• RAW DATA:
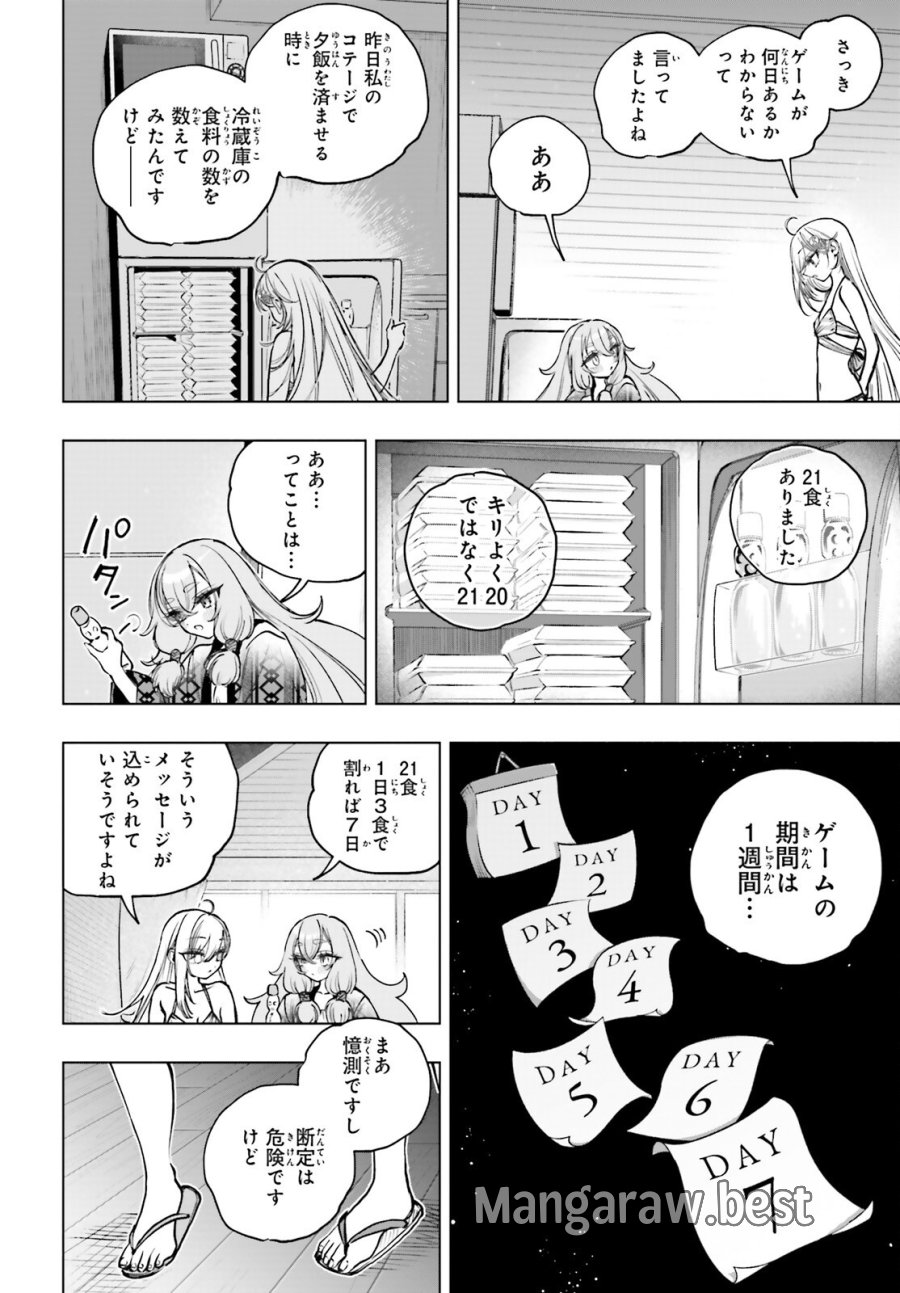 死亡遊戯で飯を食う。 第34話 - Page 4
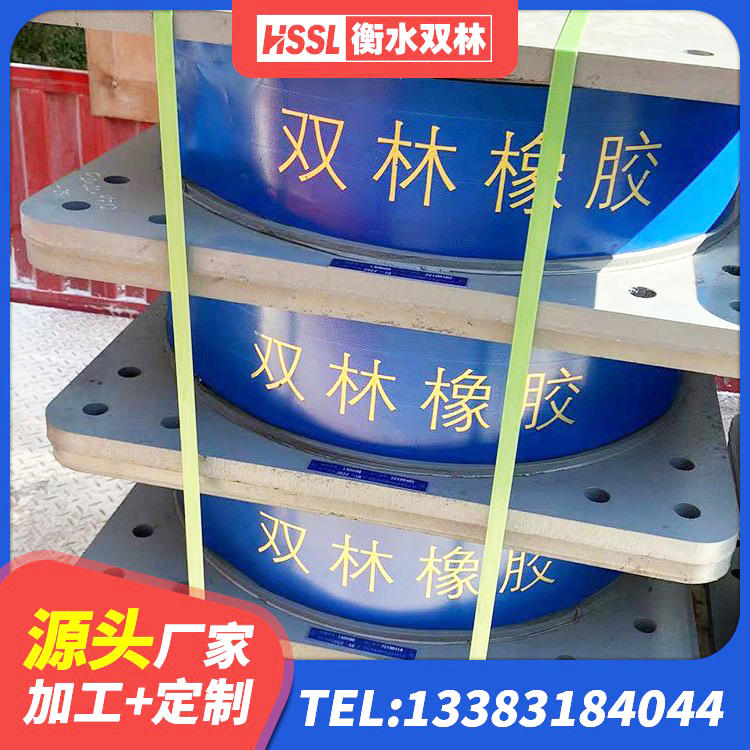 沙湾区LNR隔震支座厂家电话 沙湾区建筑铅芯橡胶隔震支座生产厂家 沙湾区HDR700高阻尼隔震支座多少钱 沙湾区铅芯橡胶隔震支座(LRB)源头工厂 - 第1张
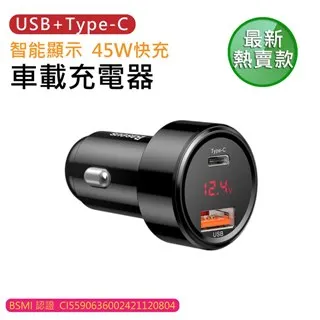 45W 車充 急速充電 點菸電源供應器 MINI迷你 點菸器擴充 PD QC TYPE C 歷史價格詳細信息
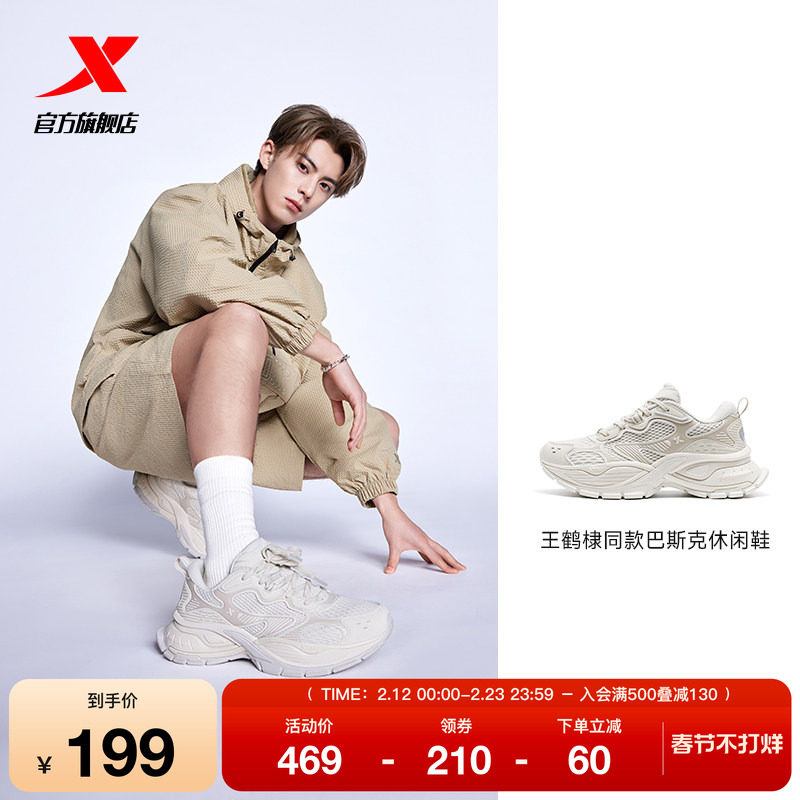 王鹤棣同款丨特步巴斯克休闲鞋男女增高轻便正品舒适运动鞋老爹鞋
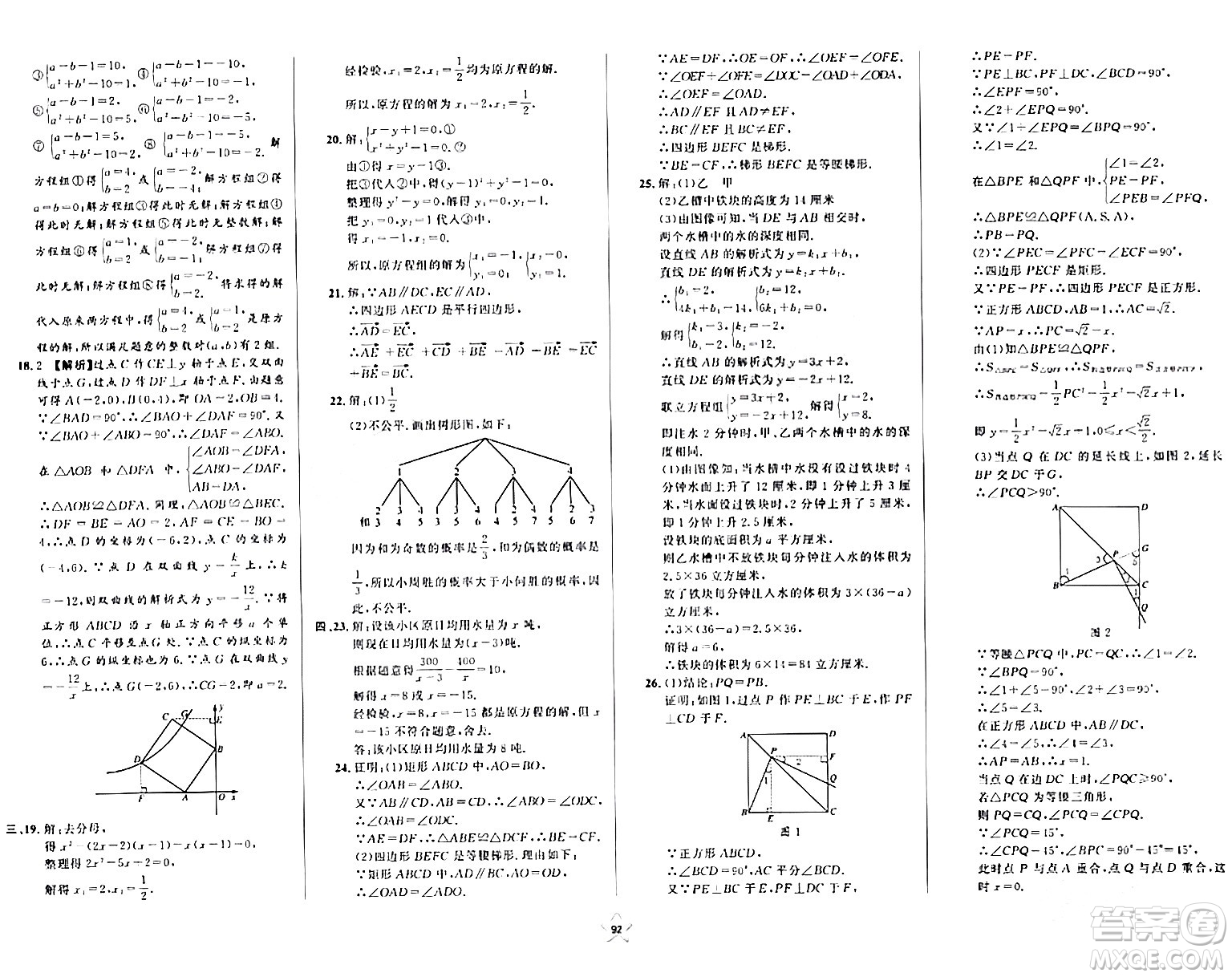 安徽人民出版社2024年春一卷搞定八年級(jí)數(shù)學(xué)下冊(cè)上海專(zhuān)版答案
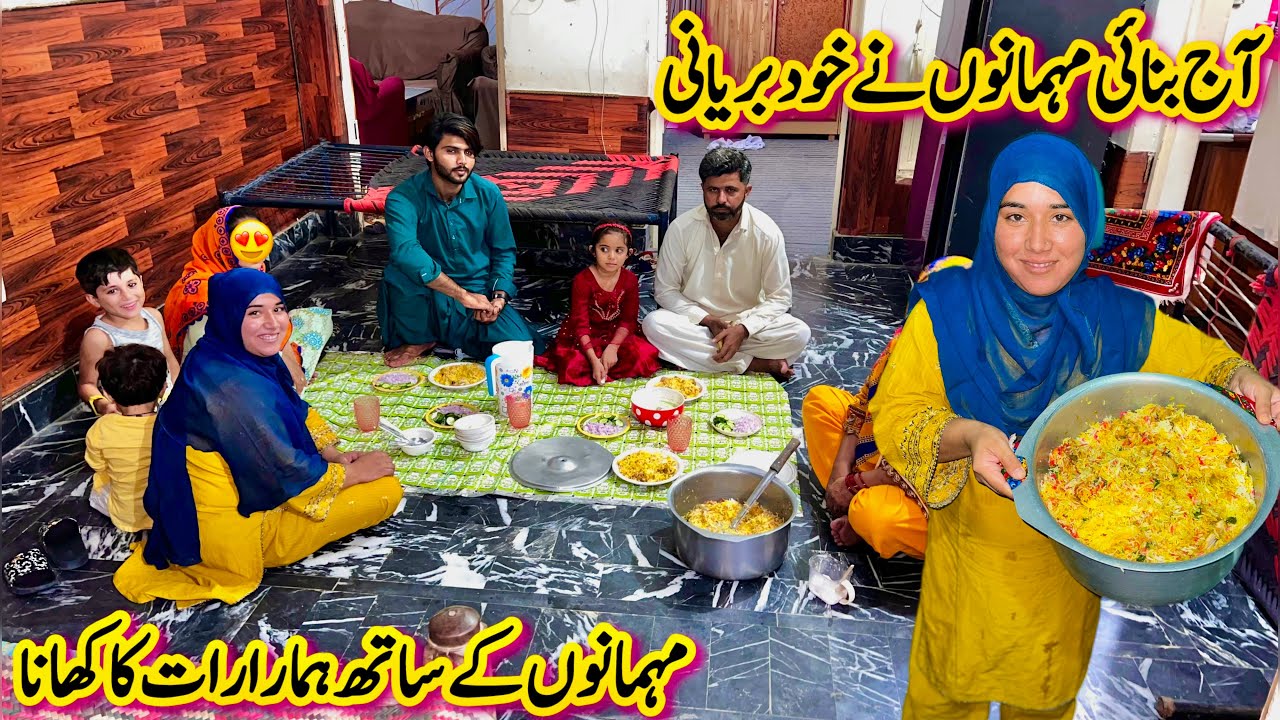 Aaj Mehmanon Nay Khud Baryani Banai😍| Hamara Raat Ka Khana | Saba Ahmad Vlogs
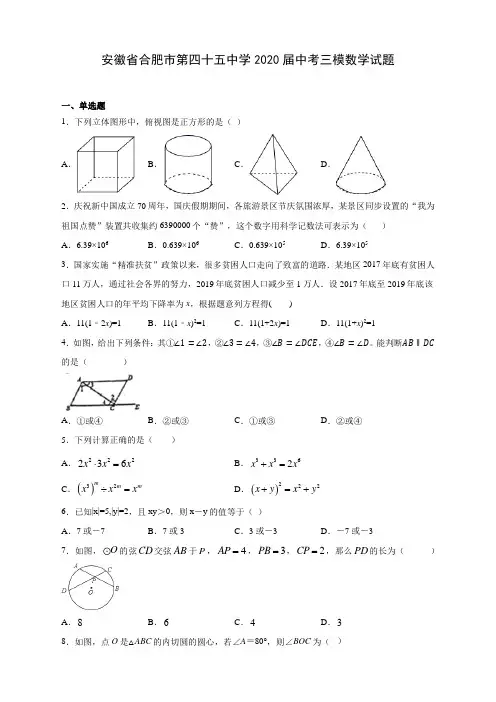 安徽省合肥市第四十五中学2020届中考三模数学试题(含答案解析)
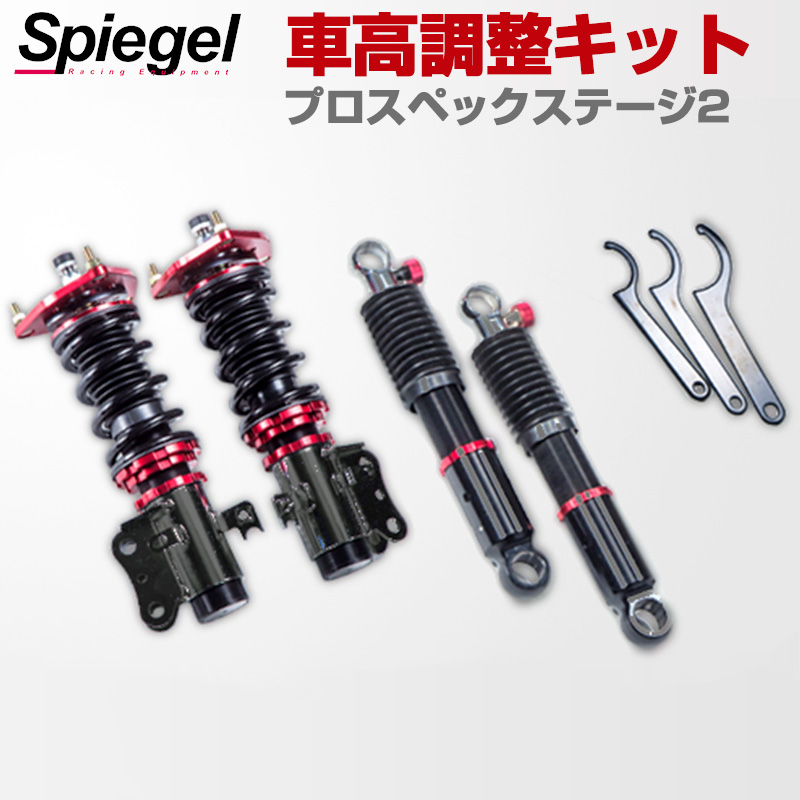 オープニング Spiegel シュピーゲル プロスペックワゴン 車高調整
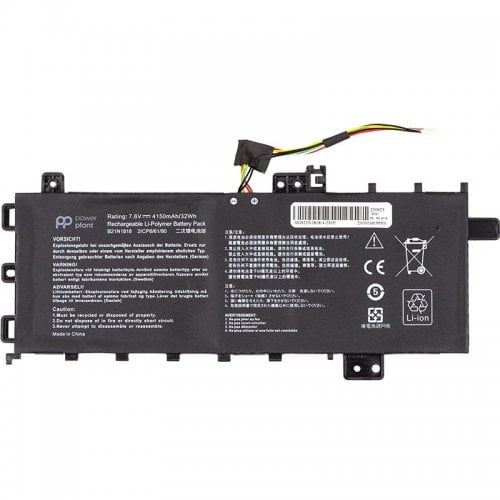 Аккумулятор для ноутбука PowerPlant Asus VivoBook 15 X512DA (B21N1818) 7.6V 4150mAh (NB431823) купить в Украине | Telemart фото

• TRY IT: Transcribe every record above in full. Pictures stay out of the copy.

• ANSWER TO THE EXERCISE:
 死亡遊戯で飯を食う。 第34話 - Page 4
 沙湾区LNR隔震支座厂家电话 沙湾区建筑铅芯橡胶隔震支座生产厂家 沙湾区HDR700高阻尼隔震支座多少钱 沙湾区铅芯橡胶隔震支座(LRB)源头工厂 - 第1张
 45W 車充 急速充電 點菸電源供應器 MINI迷你 點菸器擴充 PD QC TYPE C 歷史價格詳細信息
 王鹤棣同款丨特步巴斯克休闲鞋男女增高轻便正品舒适运动鞋老爹鞋
 安徽人民出版社2024年春一卷搞定八年級(jí)數(shù)學(xué)下冊(cè)上海專(zhuān)版答案
 Aaj Mehmanon Nay Khud Baryani Banai😍| Hamara Raat Ka Khana | Saba Ahmad Vlogs
 安徽省合肥市第四十五中学2020届中考三模数学试题(含答案解析)
 オープニング Spiegel シュピーゲル プロスペックワゴン 車高調整
 Аккумулятор для ноутбука PowerPlant Asus VivoBook 15 X512DA (B21N1818) 7.6V 4150mAh (NB431823) купить в Украине | Telemart фото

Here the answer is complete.